Matthew Knies is a top-tier prospect because he does a lot of things well and has a premium skillset.

The headline trait is one that — as the cliche goes — you cannot teach: his 6’3″, 210 lb. frame. Knies is a big-body forward with a skillset built to complement the size around the net. His hands in tight spaces are excellent, and quite frankly, you don’t see too many players his size that can pull off dekes and finish like this:

The rare combination of hands and size is a big part of the Knies package. He can drag the puck in tight and put it where he wants it, flashing hand-eye coordination around the net from time to time that is not unlike his fellow Arizonan and now teammate Auston Matthews (e.g. batting pucks out of the air for goals). His shot is good for a college player as well, and this package of skills allowed him to score 21 goals this season, placing him among the best goal-scorers in the NCAA.
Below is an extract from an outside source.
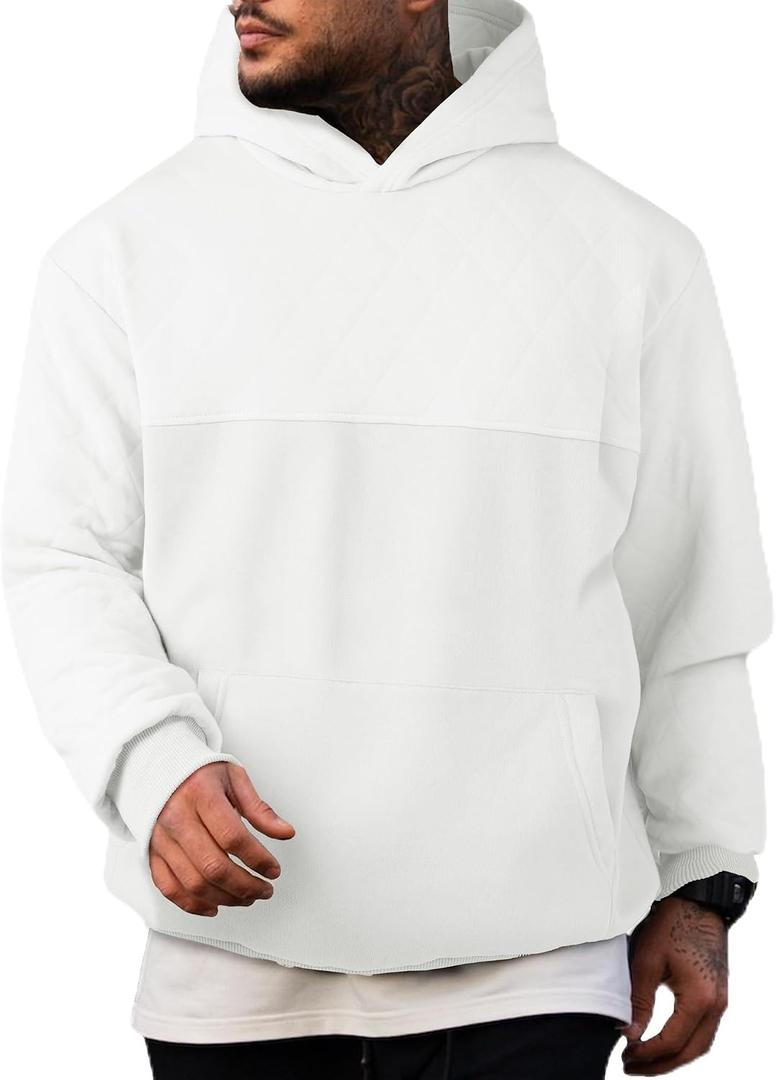 JMIERR Mens Casual Hooded Collar Fleece Hoodies Pullover Sweatshirts Warm Long Sleeve Shirts (White, XXXL)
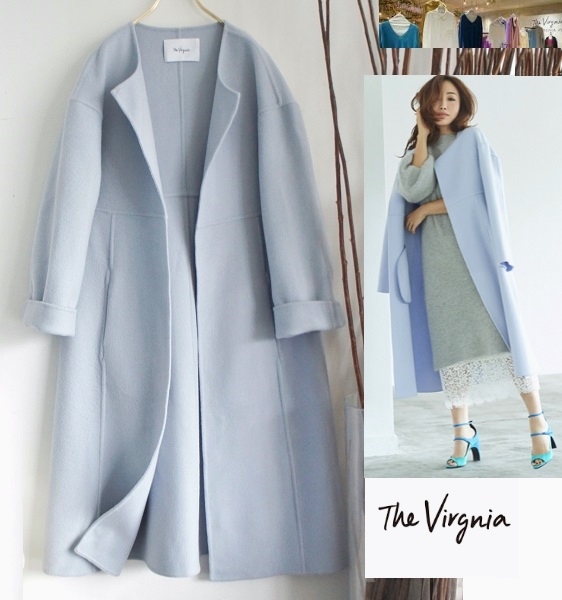 美品/The Virgnia/ザヴァージニア/ロングペールカラースプリングリバーコート_画像1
Knies showed a penchant at Minnesota for scoring in the clutch with an OT winner over Michigan back in January and a pair of goals — one to tie the game in the final minute and one to win it in OT — against Penn State in February.

Part of his ability to score goals late in games is his willingness to get to the dirty areas of the ice. He doesn’t just live close to the net inside the zone; he’s willing to take it straight to the cage coming in off a zone entry:

Knies uses that size in ways coaches want, banging down low around the net but also hitting people all over the ice. The NCAA has a new rule in the last two seasons cracking down on head contact, and it doles out five-minute major penalties for almost any hit that touches the head of the recipient. It is not a good rule and one that is mighty frustrating for college hockey fans, but I bring it up as an example of Knies’ smarts and discipline: he consistently provides a physical force on the ice without crossing the line, taking just one five-minute major the entire season (for non-college hockey watchers, this may sound weird, but trust me — if you play a physical game and only take one major in a season, you’re a smart hitter).

Knies’ defensive game is okay; he is not a savant by any means, but he was the fourth-most used Gopher forward in ATOI on the penalty kill this season, used there ahead of the likes of his linemates Cooley and Snuggerud. Knies scored two shorthanded goals this past season, including this memorable example showing off his hands:

Knies also added six PPGs as he was an effective presence in all situations and across all 200 feet. He does a lot of the little things well and his presence in the tough areas of the ice allowed him to make an impact even when he was not scoring, making life easier for his younger and perhaps more skilled linemates Cooley and Snuggerud, who scored a boatload of points in part due to the sacrifices of Knies.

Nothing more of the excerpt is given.